HD TV made some big noise the time they released. The vivid, crisp and life-like images made this electronic appliance stand out from ordinary TV’s. So how will you know that you have chosen the right HD TV? Let us help you out using the tips below.
* A 32″ Full HD TV costs around $360 and will suit smaller living rooms. TVs look much smaller in the shop than in your home, so measure the space available before you buy.
* A 1920 x 1080-resolution TV can display a 1080p image. You can still buy TVs with a 720p (1,366×768) resolution, but they’re no cheaper and the image won’t be as sharp. Even so, it can be diﬃcult to tell the difference between 720p and 1080p on smaller screens.

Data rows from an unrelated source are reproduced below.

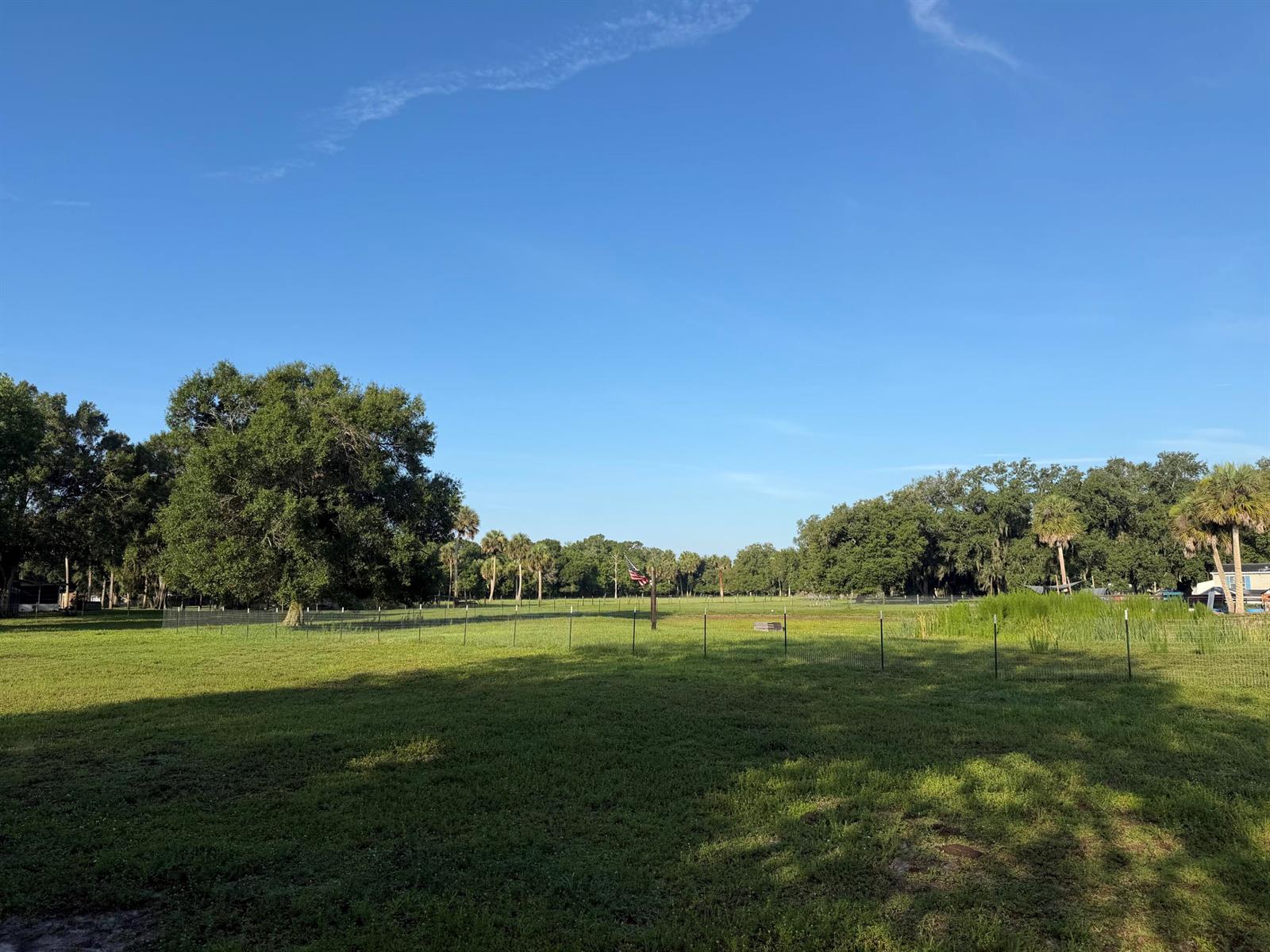 A large, grassy field is enclosed by a wire fence with trees in the background — 0 NE 28th Avenue, Okeechobee FL 34972, OKEECHOBEE, FL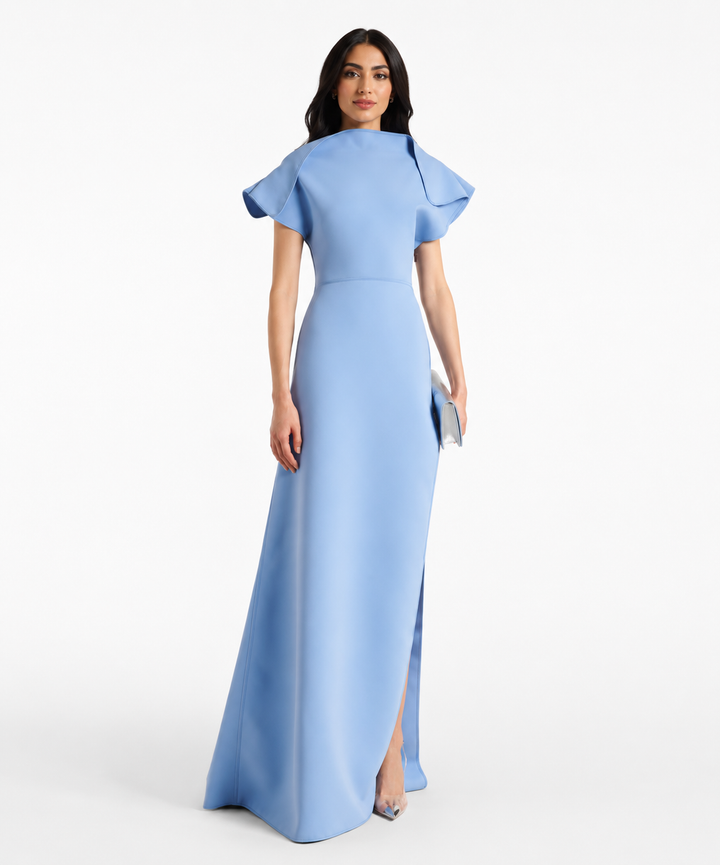 Powder Blue Flutter Sleeve Evening Gown - Celestia
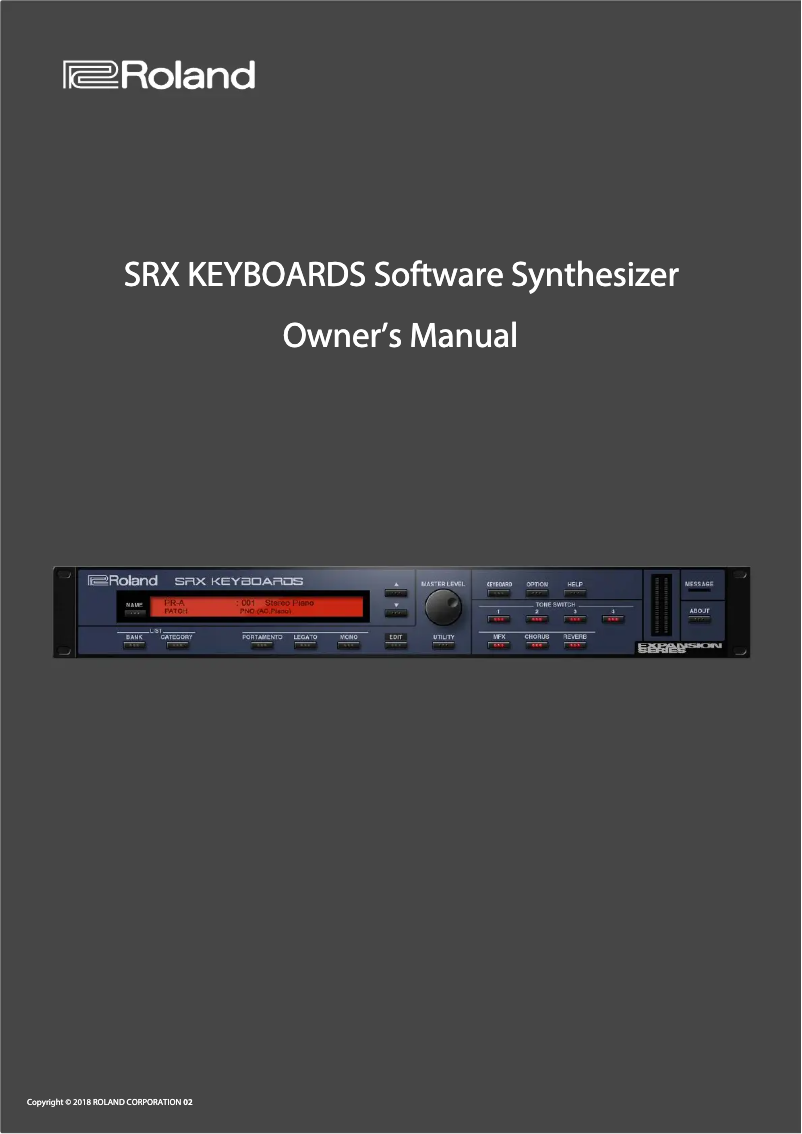 Page n°1 - Manuel utilisateur Roland SRX KEYBOARDS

* Consider the number of inputs you need for your equipment. Two HDMI ports should be the minimum, but many TVs come with four. Don’t forget devices such as games consoles and PVRs. If you have older equipment, check that your TV has enough SCART and component sockets. If you want to plug your PC into your TV, you’ll need to use either HDMI or VGA inputs. Be aware that some TVs only let you use a PC on an analogue input, and others won’t display the Windows Desktop at the TV’s highest resolution.
* The contrast ratio tells you the difference between the darkest and the brightest shades the screen can display. The higher the number, the darker the blacks and the brighter the whites. A screen with a high contrast ratio is more likely to show a wider range of detail. Plasma TVs generally have much higher contrast ratios than even the best LCD TVs can manage.
* There are several ways to receive HD content. Sky HD has the widest selection of channels but requires a Sky HD box and monthly subscription. Freesat and Freeview HD bring you HD channels from the BBC, ITV and Channel 4. There are no monthly subscriptions – all you need is a compatible receiver. A Blu-ray player lets you watch HD movies stored on optical discs.
* Extra features, such as a network port, can be worth having because they may let you access online content, as well as media from a DLNA or UPnP server on your network.